Last, Rita McBride's show at Alexander & Bonin--at the opposite end of the form/content/materiality spectrum from di Benedetto's--is also top-notch. Very clean, mint green, geometric-looking sculptures are based on the exact outlines of arcade video games. No signage, no joysticks, just the stripped-down, squared-off essence of Xevious, Libble Rabble, and Ms. Pac Man (or so I imagine). I could see a recent UCLA graduate doing this sort of thing poorly, but McBride is a whiz with materials. The consoles, built entirely of porcelain-coated steel, have the blank-but-comforting surfaces of '50s refrigerators. The rest of the show--featuring other minimalist-type works modeled on awnings, HVAC vents, and parking garages--is good, but the video games really stand out.
New York painter Kara Hammond has a new show opening April 18 and running through May 16, 2001 at Joseph Rickards Gallery, 1045 Madison Avenue (between 79th/80th).

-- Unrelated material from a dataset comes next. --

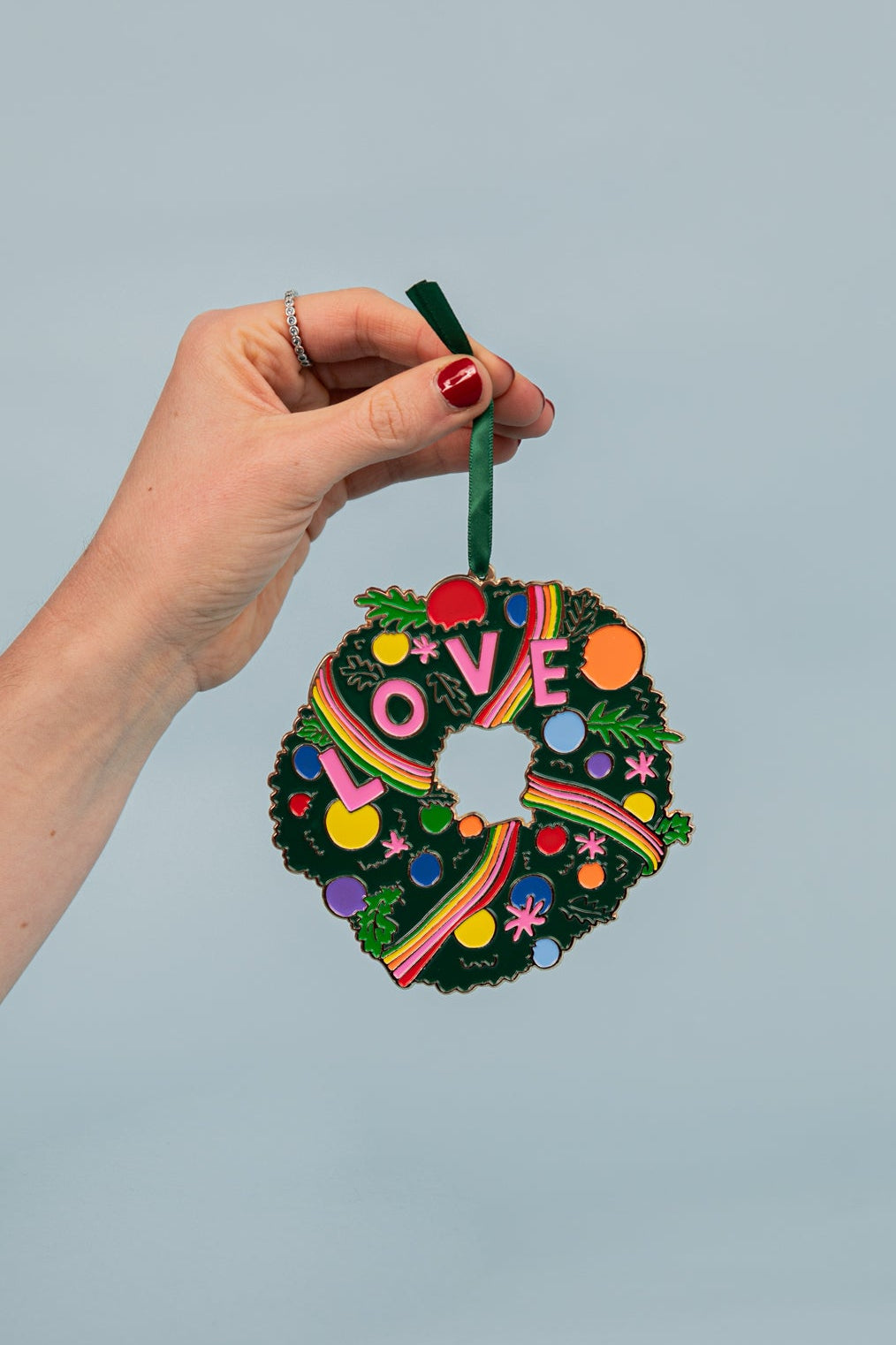Pride Wreath Enamel Ornament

She made her debut at Bronwyn Keenan Gallery a few years ago, and is known for her weirdly calm depictions of obsolete space technology, strip malls, and views from suburban freeways. The sense of charged emptiness in her paintings recalls Stanley Kubrick's cinematography: the image below could be Georgia O'Keeffe and Charles Sheeler trysting in the Pod Bay. This 4 x 4 foot, oil-on-wood piece is called Space Station, it's dated 2001, and remember you saw it here before it got reproduced in Time Out!
From a recent essay by William Gibson on Japan (and more particularly Anglo-Japanese cross-pollination, since the article's for The Guardian):
"I like to watch the Japanese in Portobello market. Some are there for the crowd, sightseeing, but others are there on specific, narrow-bandwidth, obsessional missions, hunting British military watches or Victorian corkscrews or Dinky Toys or Bakelite napkin rings. The dealers' eyes still brighten at the sight of a tight shoal of Japanese, significantly sans cameras, sweeping determinedly in with a translator in tow. A legacy from the affluent days of the bubble, perhaps, but still the Japanese are likely to buy, should they spot that one particular object of otaku desire. Not an impulse-buy, but the snapping of a trap set long ago, with great deliberation.
"The otaku, the passionate obsessive, the information age's embodiment of the connoisseur, more concerned with the accumulation of data than of objects, seems a natural crossover figure in today's interface of British and Japanese cultures. I see it in the eyes of the Portobello dealers, and in the eyes of the Japanese collectors: a perfectly calm train-spotter frenzy, murderous and sublime. Understanding otaku-hood, I think, is one of the keys to understanding the culture of the web. There is something profoundly post-national about it, extra-geographic. We are all curators, in the post-modern world, whether we want to be or not."